All this, he said, means that investors should remain disciplined and diversified. They should slant their allocations towards assets such as gold, which is supported by lower real interest rates. “We favour gold because it could act as a nice asset to having the transition between this period of very high inflation over solid growth, to maybe slightly lower inflation to much lower growth,” he explained.
He also advised allocation more towards long-dated government bonds, which would then stand as better hedges than cyclical commodities.

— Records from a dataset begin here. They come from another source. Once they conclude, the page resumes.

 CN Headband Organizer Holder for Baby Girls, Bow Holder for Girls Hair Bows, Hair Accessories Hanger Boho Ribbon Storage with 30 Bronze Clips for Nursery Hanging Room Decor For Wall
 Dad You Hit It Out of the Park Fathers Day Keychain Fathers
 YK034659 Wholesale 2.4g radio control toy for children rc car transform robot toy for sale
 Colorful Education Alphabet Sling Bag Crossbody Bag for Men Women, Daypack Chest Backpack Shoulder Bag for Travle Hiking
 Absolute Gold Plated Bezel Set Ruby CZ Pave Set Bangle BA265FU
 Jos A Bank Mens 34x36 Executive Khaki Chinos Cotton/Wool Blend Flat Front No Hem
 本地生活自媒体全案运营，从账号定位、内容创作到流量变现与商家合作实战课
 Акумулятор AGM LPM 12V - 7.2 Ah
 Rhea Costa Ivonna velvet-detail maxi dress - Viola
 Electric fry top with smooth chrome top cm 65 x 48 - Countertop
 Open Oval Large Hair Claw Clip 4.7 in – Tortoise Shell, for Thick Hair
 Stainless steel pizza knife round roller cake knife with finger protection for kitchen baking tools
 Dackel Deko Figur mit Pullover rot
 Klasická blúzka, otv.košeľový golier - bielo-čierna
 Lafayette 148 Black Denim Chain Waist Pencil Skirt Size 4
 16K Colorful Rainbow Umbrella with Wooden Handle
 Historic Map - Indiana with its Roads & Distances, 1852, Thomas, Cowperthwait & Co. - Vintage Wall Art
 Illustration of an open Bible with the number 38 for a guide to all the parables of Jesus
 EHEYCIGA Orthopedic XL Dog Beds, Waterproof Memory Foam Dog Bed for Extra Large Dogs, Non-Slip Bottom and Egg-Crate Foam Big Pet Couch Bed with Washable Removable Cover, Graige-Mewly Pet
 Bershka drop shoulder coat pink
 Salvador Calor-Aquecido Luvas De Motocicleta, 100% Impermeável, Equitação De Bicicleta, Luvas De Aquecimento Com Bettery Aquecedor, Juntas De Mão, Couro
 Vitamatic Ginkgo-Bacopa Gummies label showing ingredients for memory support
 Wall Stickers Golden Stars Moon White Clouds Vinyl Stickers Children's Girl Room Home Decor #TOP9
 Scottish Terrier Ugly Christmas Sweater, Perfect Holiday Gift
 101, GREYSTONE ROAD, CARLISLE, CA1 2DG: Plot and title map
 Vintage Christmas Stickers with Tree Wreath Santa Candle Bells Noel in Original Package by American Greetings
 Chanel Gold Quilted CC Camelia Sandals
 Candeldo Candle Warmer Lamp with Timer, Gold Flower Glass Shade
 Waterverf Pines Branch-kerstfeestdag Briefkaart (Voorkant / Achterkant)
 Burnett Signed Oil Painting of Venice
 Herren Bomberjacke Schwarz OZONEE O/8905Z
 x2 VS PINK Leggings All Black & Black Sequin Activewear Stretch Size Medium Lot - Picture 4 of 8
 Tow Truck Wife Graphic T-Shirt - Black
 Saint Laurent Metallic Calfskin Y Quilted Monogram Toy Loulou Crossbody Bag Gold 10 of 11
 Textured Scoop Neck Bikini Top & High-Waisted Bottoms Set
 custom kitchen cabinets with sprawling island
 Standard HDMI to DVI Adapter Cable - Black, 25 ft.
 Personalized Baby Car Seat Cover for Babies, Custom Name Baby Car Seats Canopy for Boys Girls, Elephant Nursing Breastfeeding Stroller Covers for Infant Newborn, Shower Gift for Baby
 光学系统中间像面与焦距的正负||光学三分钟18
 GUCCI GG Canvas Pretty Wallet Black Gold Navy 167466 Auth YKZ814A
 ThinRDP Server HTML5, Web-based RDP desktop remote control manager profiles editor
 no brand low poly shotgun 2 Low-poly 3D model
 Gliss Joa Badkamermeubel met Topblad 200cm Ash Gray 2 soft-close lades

Cash, he added, while unfit in a structurally high inflation environment, could also play a role in this transition.
DPM with realistic expectations
His final comment was that private clients should also consider discretionary portfolios to help to manage this transition from a high growth/high inflation episode to a possible recessionary environment.
“However, as always, investors must understand what they are buying,” he said. “Processes playing a ‘long-term value’ game might suffer higher losses in the short-term, as they would chase after stocks whose valuation might be under persistent stress. In contrast, risk-mitigating strategies, excessively diversified in nominal assets over the last months, may provide better protection in a situation of falling global demand.”